* [Source material]
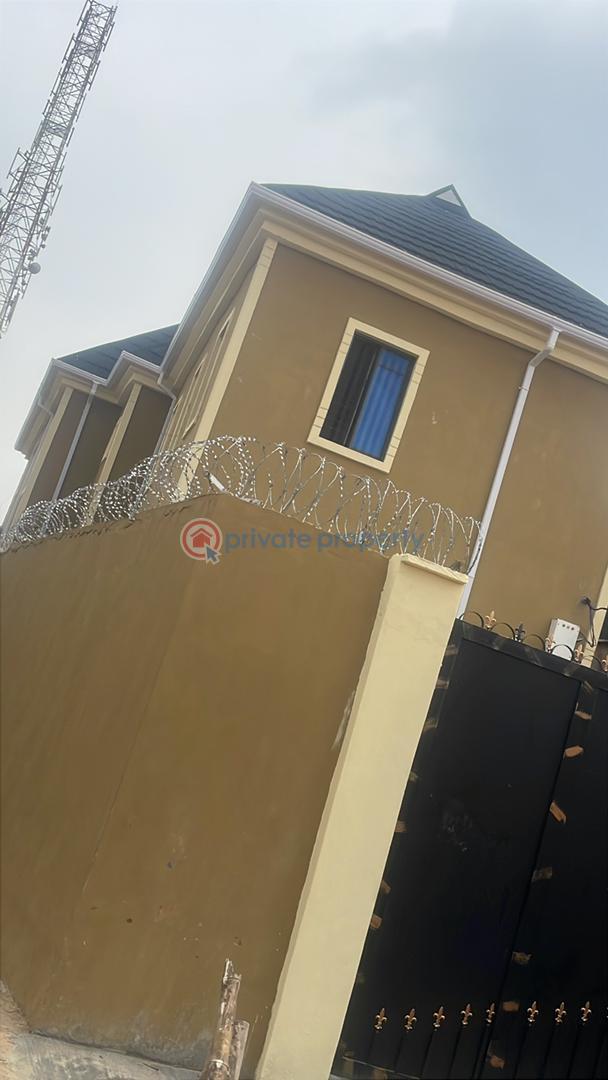 2 bedroom Block Of Flats For Rent Isheri Magodo Magodo Kosofe/Ikosi Lagos - 0
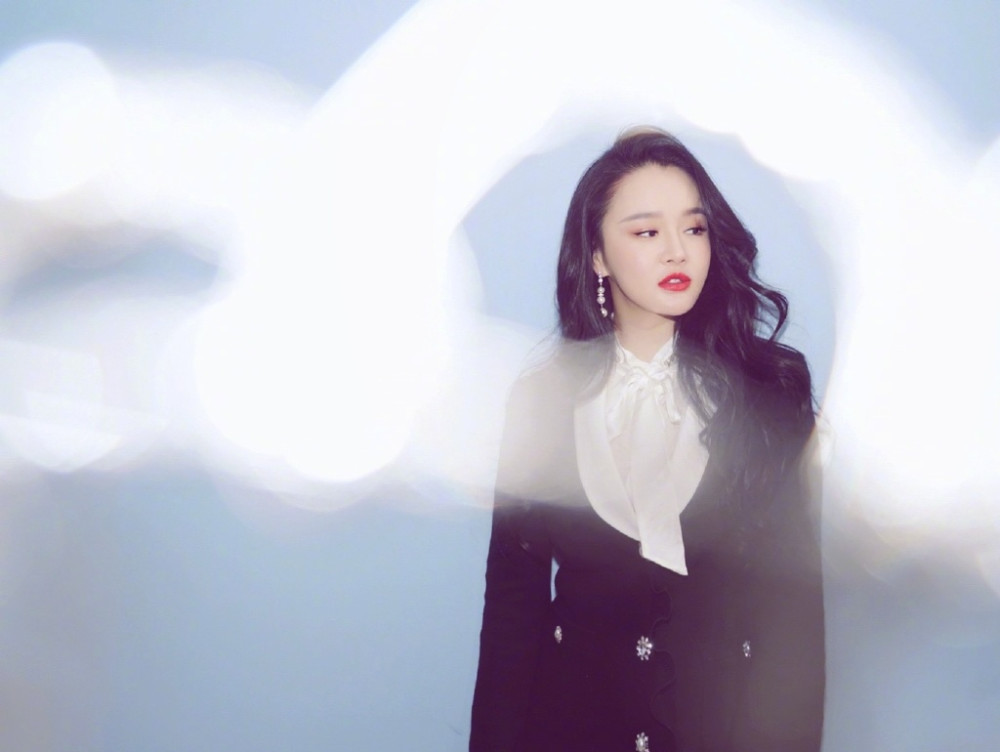 冉莹颖与老公机场秀恩爱,穿红色皮衣摩登霸气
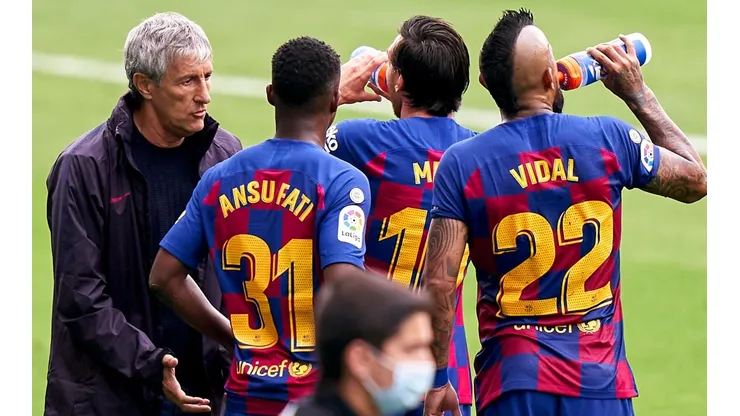 Quique Setién da instrucciones a sus jugadores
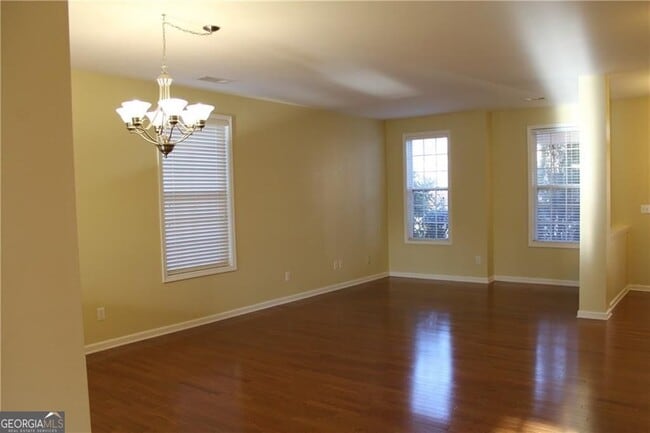 Building Photo - 2627 Hampton Park Dr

* [Problem description] Transcribe all of the data above exactly; no picture belongs in the copy.

* [Exercise solution]
 2 bedroom Block Of Flats For Rent Isheri Magodo Magodo Kosofe/Ikosi Lagos - 0
 冉莹颖与老公机场秀恩爱,穿红色皮衣摩登霸气
 Quique Setién da instrucciones a sus jugadores
 Building Photo - 2627 Hampton Park Dr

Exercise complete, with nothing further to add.